‘The Corrections’ by Jonathan Franzen

The Corrections
The Corrections
5 stars copy

All Enid Lambert wants is to have one last Christmas with her family round her. She and her husband Alfred are getting on a bit and the reality of their lives together has reached a point where the words ‘fractured’ and ‘awkward’ may be the best they can hope for. At times, the relationship appears almost irretrievable: with Enid’s need to have the whole world think everything’s fine while she struggles (still) to change her husband into the man she thought she’d married, and Alfred’s inability (in and out of the bedroom) to give his wife the level of intimacy he knows she wants.

Unsurprisingly, the lives of their three grown-up children are no less troubled, with each one facing his or her own series of mini-catastrophes as the book charts their lives over the years. While the timescale jumps around quite a bit, the narrative was easy to follow and I found myself drawn further and further into this family’s general need to make right its mistakes.

Given the history of Mr Franzen’s writing career in relation to this book (such as his infamous ‘feud’ with Oprah Winfrey), and his various derogatory comments about women readers, I can understand why so many people hate it – the characters are deeply flawed, miserable, whiny, vengeful and most of the time deeply, deeply irritating. And to be fair, any other book with so many annoying people in it would have ended up on my Did Not Finish pile, no trouble at all.

However.

The modern obsession with what to do with our old folks is the central theme, and I have to say, I found the siblings’ approach to dealing with their parents by turns hilarious, painful and intensely moving.

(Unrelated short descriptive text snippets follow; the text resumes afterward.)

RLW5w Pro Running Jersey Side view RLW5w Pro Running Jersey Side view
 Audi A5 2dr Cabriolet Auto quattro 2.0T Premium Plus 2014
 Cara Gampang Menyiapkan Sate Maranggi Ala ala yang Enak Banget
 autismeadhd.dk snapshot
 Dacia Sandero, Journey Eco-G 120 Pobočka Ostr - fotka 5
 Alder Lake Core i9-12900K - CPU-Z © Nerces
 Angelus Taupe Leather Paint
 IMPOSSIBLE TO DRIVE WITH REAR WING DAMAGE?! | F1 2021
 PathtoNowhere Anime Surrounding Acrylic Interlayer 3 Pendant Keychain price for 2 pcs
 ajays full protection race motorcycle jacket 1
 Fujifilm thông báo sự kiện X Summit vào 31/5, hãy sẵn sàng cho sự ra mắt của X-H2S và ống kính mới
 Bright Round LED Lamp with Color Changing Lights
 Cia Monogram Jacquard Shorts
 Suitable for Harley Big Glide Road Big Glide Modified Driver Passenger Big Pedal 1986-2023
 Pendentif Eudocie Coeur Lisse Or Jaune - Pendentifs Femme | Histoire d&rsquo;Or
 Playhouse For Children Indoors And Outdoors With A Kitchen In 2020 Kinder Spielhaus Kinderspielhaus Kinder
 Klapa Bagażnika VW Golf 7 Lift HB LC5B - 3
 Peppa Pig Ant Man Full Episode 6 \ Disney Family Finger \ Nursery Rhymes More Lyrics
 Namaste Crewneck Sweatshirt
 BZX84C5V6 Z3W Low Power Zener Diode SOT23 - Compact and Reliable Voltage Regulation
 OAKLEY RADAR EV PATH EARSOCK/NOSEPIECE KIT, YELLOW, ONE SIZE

Jonathan Franzen writes about being human as if he knows exactly how I feel, and that’s not something that happens very often. He also uses big words, gets into technical jargon that occasionally lost me a little, and really, really likes long sentences – there were a few I thought might never end and I wouldn’t have been a bit surprised if the book had turned out to be one long sentence. Nevertheless, the writing is superb, masterful and wonderfully real. If I could write like this guy, I’d be very happy indeed.